From another corner of cyberspace, another angle on the debate:
“Miners should be joining the environmental organizations. [Miners should] become active members, not opposition. After all we are part of the environment. Doesn’t it come down to resource management and good stewardship?”
From a senior metallurgist in Toronto:
“Every mine that fails to open due to negativity initiated by an NGO [non-governmental organization] is proof that not enough has been done. I once tried (before joining Wardrop) to intervene on behalf of a mine that planned operations in South America, only to be told that the company’s engineering team had everything under control. Two years later when the company shares dipped and the board was dismissed, it was obvious that they were not in control. However, being able to say ‘I told you so’ has no silver lining. The company lost but the community lost even more.
“I am a strong believer in the ICMM [International Council of Mining & Metals] community development tool kit in pioneering new approaches in support of sustainable development in the mining sector. Realizing that I do not have the momentum to move this by myself I have joined with a engineering consultancy that has similar views. Hopefully we can convince those still nave enough to think that a positive cash flow is enough to open a mine, that doing so will be a lot easier within a stakeholder team.”

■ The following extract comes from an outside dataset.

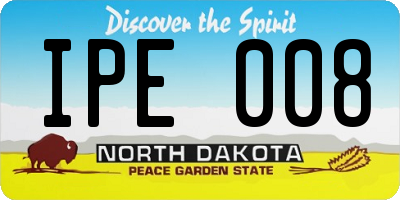 ND license plate IPE008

Consultation with land users is only one type that needs to be initiated, says a concerned citizen of Clayton, Ontario:
“In Ontario provincial ministries have their own policies and requirements that conflict with each other on occasion. The Ministry of Northern Development and Mining (MNDM) both regulates and promotes mining of various types in Ontario. Most conflicts could be avoided if MNDM and other ministries collaborated in order to determine the high-risk or conflicting land use requirements within the province. MNDM could then disallow prospecting in the first place on those areas that require protection or are known to be under review while aboriginal land claims are settled.
“Some examples where conflicts may arise are:
– source water protection in highly vulnerable and populated regions;
– community proximity health risks;
– First Nations’ land claims;
– conservation requirements, e.g., A2A (The Algonquin to Adirondack Conservation Initiative); and
– alternate land use plans by other ministries and municipalities.
“It is important for the province to grow its economy; however if ministries were to pre-plan and determine potential areas of conflict, then prospectors could target alternate areas and be more effective to the industry. The general public would also be more productive in their particular work since disputes or competing priorities with a particular mining prospect can be avoided in the first place.”
Good advice for Canada’s territorial, provincial and federal governments.